Exercise aim
Wherever "anos" appears in a line of the listing, report that line.

*** Available data Section Begins ***

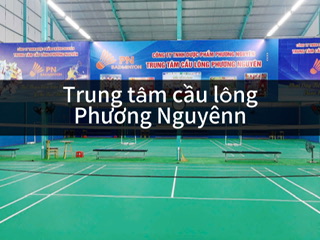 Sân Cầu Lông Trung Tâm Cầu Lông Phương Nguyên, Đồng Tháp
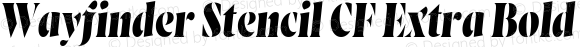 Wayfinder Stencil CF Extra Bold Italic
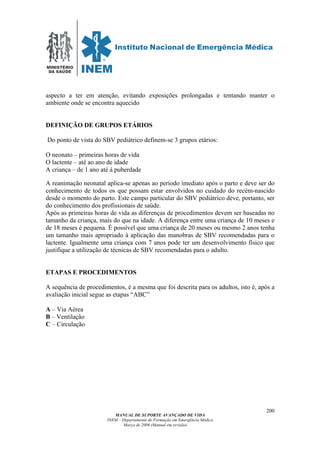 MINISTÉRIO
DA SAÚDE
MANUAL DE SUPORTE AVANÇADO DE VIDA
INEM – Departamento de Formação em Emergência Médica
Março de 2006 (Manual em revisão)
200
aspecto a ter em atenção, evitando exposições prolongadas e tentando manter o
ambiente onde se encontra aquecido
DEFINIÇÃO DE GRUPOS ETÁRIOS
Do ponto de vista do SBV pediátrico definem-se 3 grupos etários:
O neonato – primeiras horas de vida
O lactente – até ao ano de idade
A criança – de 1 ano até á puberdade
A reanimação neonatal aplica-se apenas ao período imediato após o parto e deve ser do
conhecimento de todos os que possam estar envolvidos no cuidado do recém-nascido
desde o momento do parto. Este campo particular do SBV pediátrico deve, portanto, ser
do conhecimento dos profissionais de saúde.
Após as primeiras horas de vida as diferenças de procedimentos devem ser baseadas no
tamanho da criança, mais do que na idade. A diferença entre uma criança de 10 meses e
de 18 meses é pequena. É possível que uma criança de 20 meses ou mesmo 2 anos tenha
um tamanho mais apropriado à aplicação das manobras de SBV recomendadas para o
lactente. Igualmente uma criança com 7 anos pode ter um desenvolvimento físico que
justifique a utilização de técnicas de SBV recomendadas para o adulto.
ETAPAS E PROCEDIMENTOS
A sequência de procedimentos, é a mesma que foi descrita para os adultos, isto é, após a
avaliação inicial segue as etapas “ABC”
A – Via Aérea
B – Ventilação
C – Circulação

*** Available data Section Ends ***
*** Available data Section Begins ***

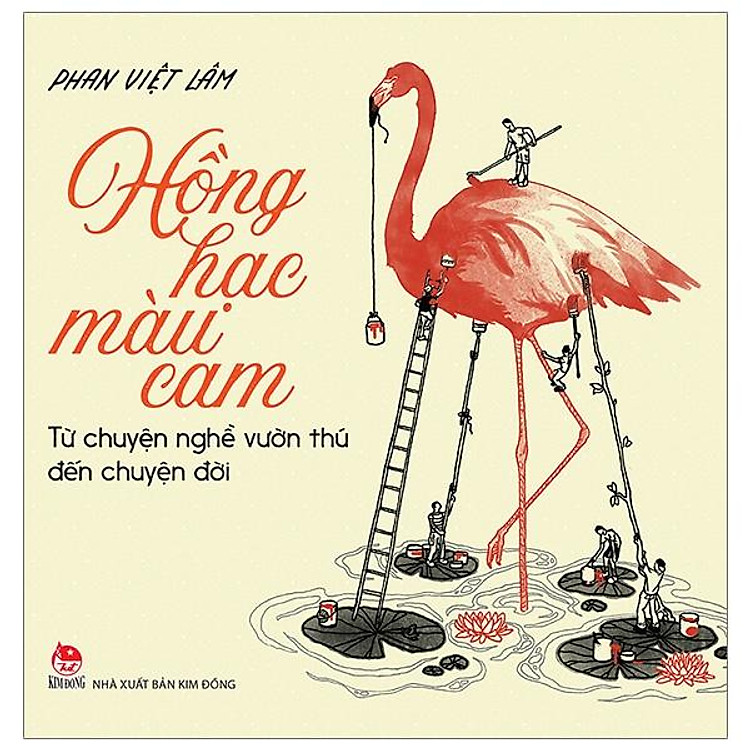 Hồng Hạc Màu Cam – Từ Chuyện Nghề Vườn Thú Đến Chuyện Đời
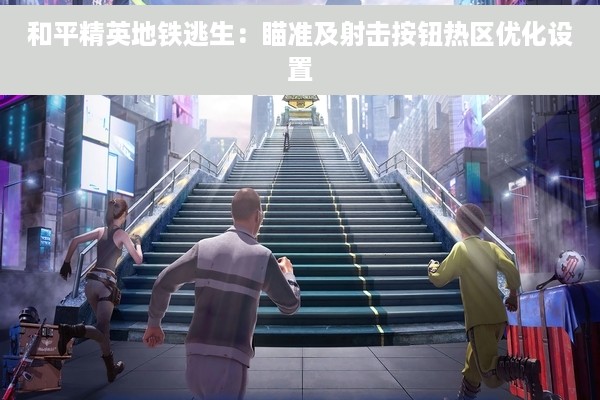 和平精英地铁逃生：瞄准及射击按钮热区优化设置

*** Available data Section Ends ***
*** Available data Section Begins ***

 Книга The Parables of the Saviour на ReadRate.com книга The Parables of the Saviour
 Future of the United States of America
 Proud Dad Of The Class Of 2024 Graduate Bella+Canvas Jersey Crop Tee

*** Available data Section Ends ***

Answer box
de 18 meses é pequena. É possível que uma criança de 20 meses ou mesmo 2 anos tenha
lactente. Igualmente uma criança com 7 anos pode ter um desenvolvimento físico que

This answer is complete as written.